* _Work order_
Everything in the listing below must be reproduced exactly, apart from its images.

*** Data extracts

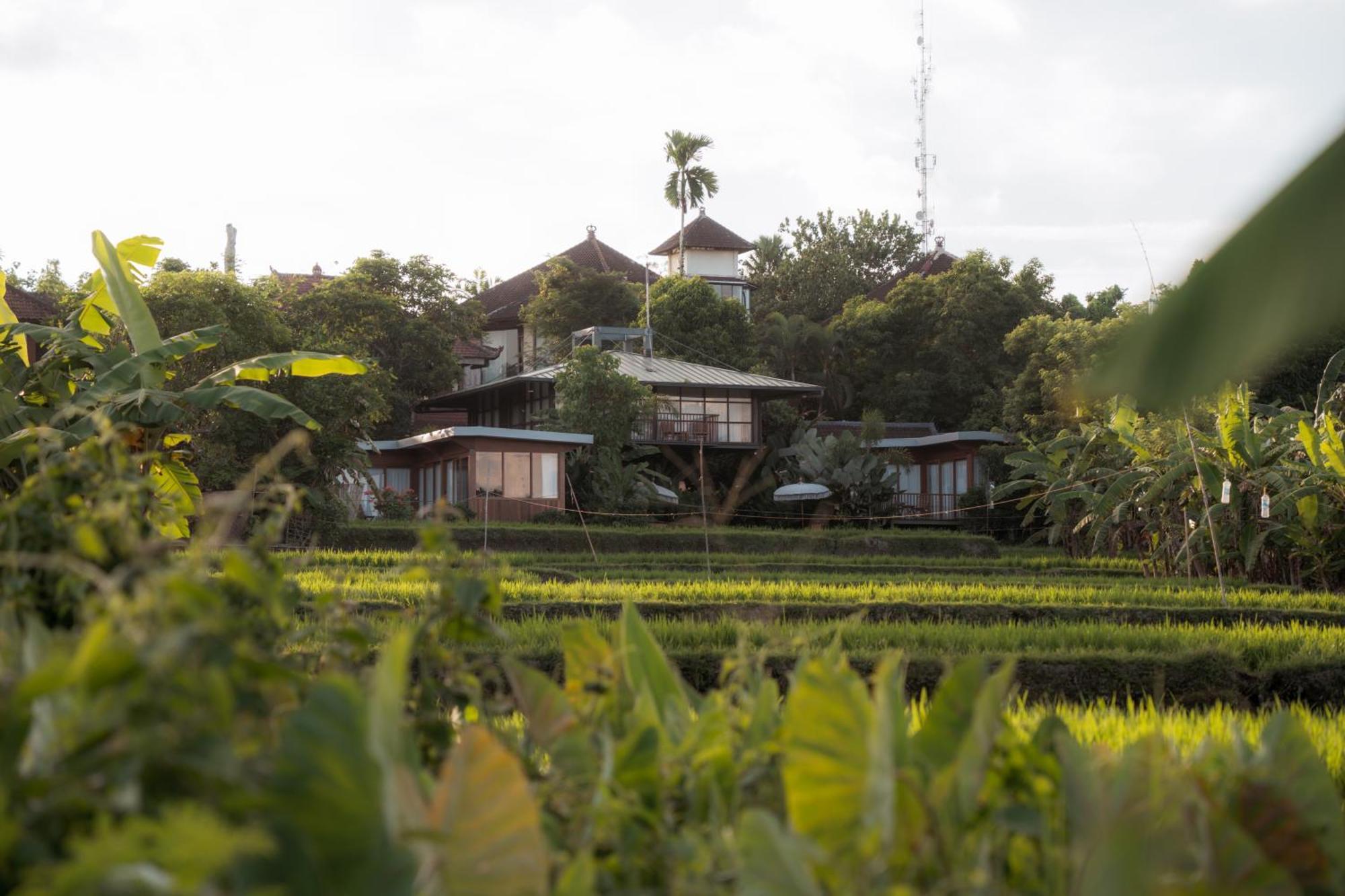 Grün Ubud Dış mekan fotoğraf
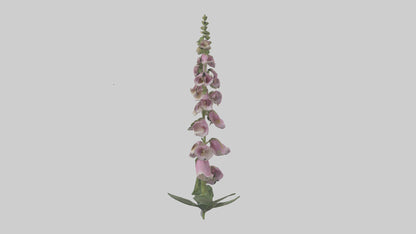 Foxglove model 3D model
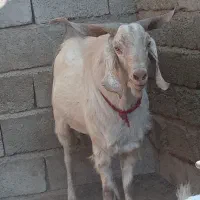 گوسفند|حیوانات مزرعه|فاریاب, |دیوار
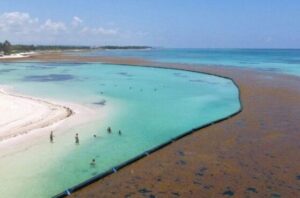 Seaweed boom deployed around a beach to keep sargassum away from beachgoers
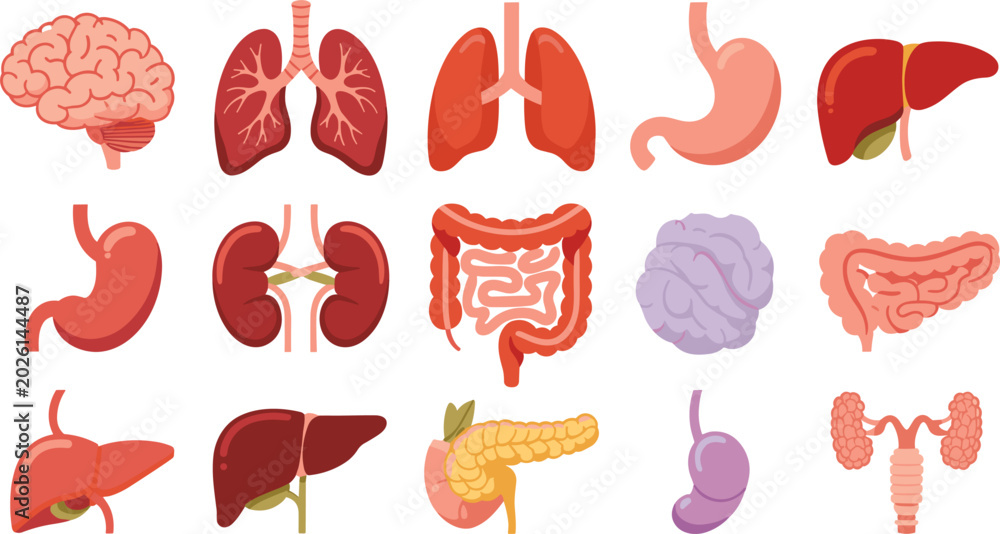 Obraz premium Human Internal Organs Vector Icon Set with Brain Lungs Stomach Liver Kidneys Intestines and Pancreas for Medical Education and Healthcare Graphic Designs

******

* _Expected answer_
 Grün Ubud Dış mekan fotoğraf
 Foxglove model 3D model
 گوسفند|حیوانات مزرعه|فاریاب, |دیوار
 Seaweed boom deployed around a beach to keep sargassum away from beachgoers
 Obraz premium Human Internal Organs Vector Icon Set with Brain Lungs Stomach Liver Kidneys Intestines and Pancreas for Medical Education and Healthcare Graphic Designs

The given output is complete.